2.  Menggunakan api/membakar populasi gulma (Burning)
    Keberhasilan pengendalian dengan membakar populasi gulma ini juga sangat kecil. Beberapa faktor penyebab kecilnya keberhasilan adalah karena sulit membakar tumbuhan putri malu hingga benar-benar mati. Sangat sering terjadi tumbuhan tumbuh kembali yang berasal dari tunas-tunas baru sisa tumbuhan dan juga biji-biji pada tanah. Panas api justru dapat memecahkan masa dormansi biji gulma yang ada di dalam tanah sehingga mampu melakukan proses perkecambahan. Pengendalian gulma dengan cara membakar selain efektifitasnya rendah juga berisiko dan dapat berdampak negatif terhadap lingkungan. Pemilihan waktu/musim, kondisi angin dan pengawasan pelaksanaaan harus benar-benar diperhitungkan. 
3. Menggunakan senyawa kimia (Chemical )
      Penggunaan herbisida dalam pengendalian putri malu raksasa pada area yang luas membutuhkan biaya yang cukup mahal, selain itu tidak mampu benar-benar membunuh populasi gulma ini. Penyemprotan herbisida tidak akan merusak biji pada tanah, dan sebagian tumbuhan yang terkena herbisida juga bisa pulih kembali (recovery).

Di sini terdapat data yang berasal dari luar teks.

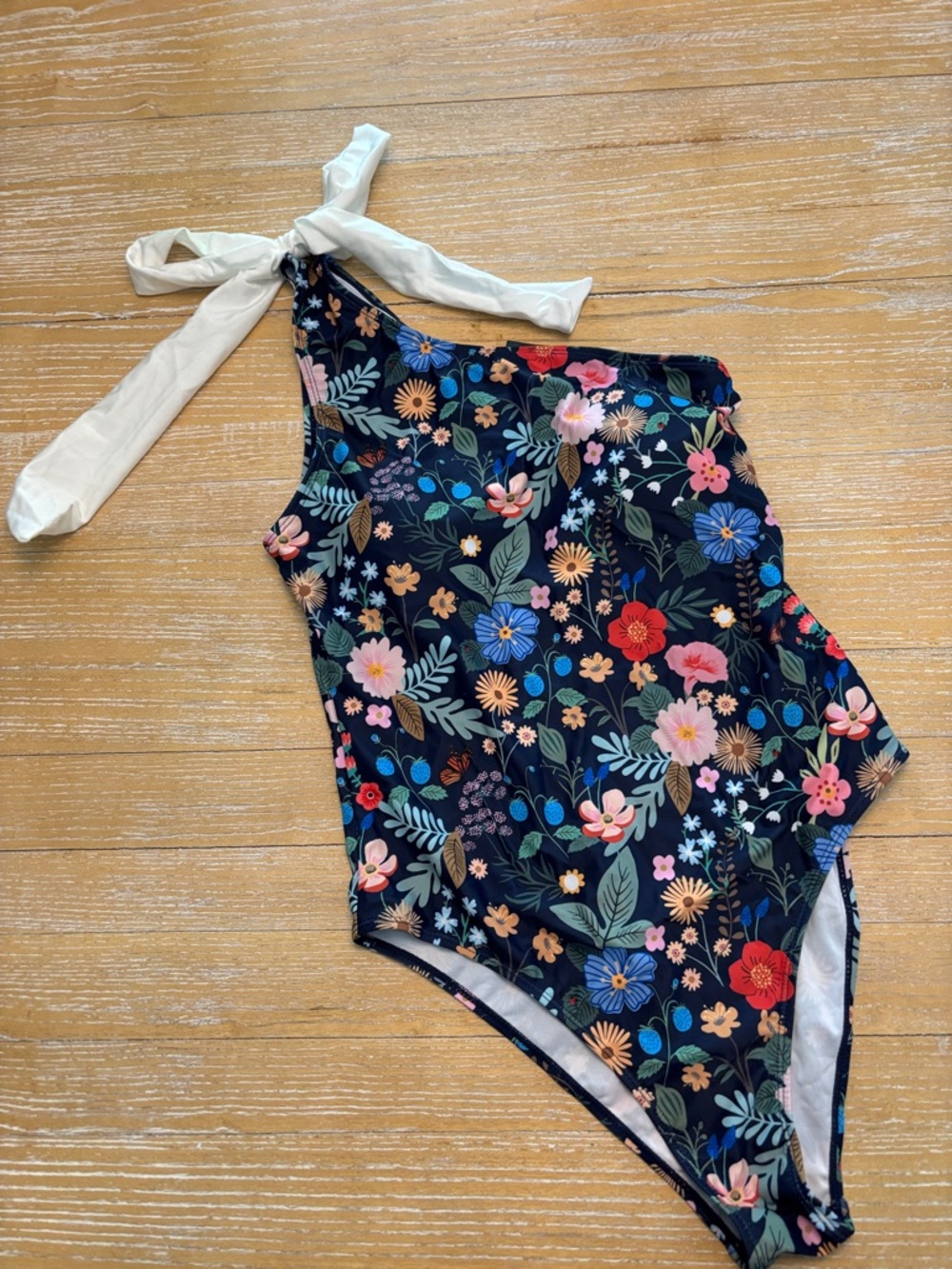 One-Shoulder Floral Women’s Swimsuit in Navy with White Bow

Seperti halnya pengendalian gulma dengan membakar, penggunaan herbisida harus benar-benar memperhatikan aspek-aspek yang akan timbul tehadap lingkungan. Penentuan waktu penyemprotan, pemilihan jenis herbisida dan teknik yang aman dan benar harus benar-benar diperhatikan. 
4. Pengendalian dengan menggunakan agen biologi (Biological control)   
    Banyak negara termasuk Indonesia percaya bahwa penggunaan organisme (biokontrol) dalam mengendalikan putri malu raksasa memperlihatkan hasil yang menjanjikan jika dibandingkan dengan cara lainnya baik dalam hal biaya maupun efektifitas. Penggunaan kontrol biologi terhadap Mimosa pigra telah banyak digunakan di Australia, baik menggunakan serangga ataupun  jamur (fungi) sebagai agen biologi.
     Jadi pada kesimpulannnya bahwa pengendalian Mimosa pigra tidak dapat dilaksanakan hanya dengan satu cara. Pada kondisi lingkungan berbeda, berbeda pula cara pengendaliannya. Selain pengendalian dengan menggunakan agen biologi, seperti juga pada jenis gulma lainnya, pengendalian secara terpadu mengandung hal-hal yang bisa sebagai pedoman pengendalian Mimosa pigra.